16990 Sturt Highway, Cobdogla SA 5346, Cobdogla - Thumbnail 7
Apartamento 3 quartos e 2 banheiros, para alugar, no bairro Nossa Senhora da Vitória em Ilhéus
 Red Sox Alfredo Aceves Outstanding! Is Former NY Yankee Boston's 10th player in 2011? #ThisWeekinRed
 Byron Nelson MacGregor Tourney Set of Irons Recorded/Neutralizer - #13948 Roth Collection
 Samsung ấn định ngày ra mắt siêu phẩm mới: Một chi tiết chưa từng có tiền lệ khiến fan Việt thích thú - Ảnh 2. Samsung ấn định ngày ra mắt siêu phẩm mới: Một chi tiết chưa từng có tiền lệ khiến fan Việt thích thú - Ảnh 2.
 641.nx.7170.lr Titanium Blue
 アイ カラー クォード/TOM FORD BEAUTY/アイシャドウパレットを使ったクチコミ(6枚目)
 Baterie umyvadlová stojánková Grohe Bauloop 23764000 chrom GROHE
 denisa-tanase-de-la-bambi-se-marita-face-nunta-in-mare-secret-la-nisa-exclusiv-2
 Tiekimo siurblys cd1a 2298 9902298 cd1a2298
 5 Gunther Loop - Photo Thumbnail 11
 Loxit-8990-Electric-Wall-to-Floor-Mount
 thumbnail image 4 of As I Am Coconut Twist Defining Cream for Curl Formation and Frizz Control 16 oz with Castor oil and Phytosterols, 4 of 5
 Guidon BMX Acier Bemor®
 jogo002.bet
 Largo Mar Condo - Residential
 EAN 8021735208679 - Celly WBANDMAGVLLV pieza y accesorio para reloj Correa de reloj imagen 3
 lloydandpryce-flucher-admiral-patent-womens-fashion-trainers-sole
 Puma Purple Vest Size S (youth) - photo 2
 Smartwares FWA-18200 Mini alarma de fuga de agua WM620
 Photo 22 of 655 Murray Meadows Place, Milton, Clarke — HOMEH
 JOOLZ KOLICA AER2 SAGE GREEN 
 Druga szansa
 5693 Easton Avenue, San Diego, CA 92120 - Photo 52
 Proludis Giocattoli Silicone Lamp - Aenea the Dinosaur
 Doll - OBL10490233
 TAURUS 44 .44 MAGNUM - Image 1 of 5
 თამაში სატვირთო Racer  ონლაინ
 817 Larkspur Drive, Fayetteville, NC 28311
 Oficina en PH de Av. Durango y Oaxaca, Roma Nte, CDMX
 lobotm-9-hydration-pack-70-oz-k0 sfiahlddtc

────

Your assignment: Out of the data above, set down the lines from the one with "Largo Mar Condo - Residential" to the one with "5693 Easton Avenue, San", both included, exactly as written and with no additions.

Expected output:
 Largo Mar Condo - Residential
 EAN 8021735208679 - Celly WBANDMAGVLLV pieza y accesorio para reloj Correa de reloj imagen 3
 lloydandpryce-flucher-admiral-patent-womens-fashion-trainers-sole
 Puma Purple Vest Size S (youth) - photo 2
 Smartwares FWA-18200 Mini alarma de fuga de agua WM620
 Photo 22 of 655 Murray Meadows Place, Milton, Clarke — HOMEH
 JOOLZ KOLICA AER2 SAGE GREEN 
 Druga szansa
 5693 Easton Avenue, San Diego, CA 92120 - Photo 52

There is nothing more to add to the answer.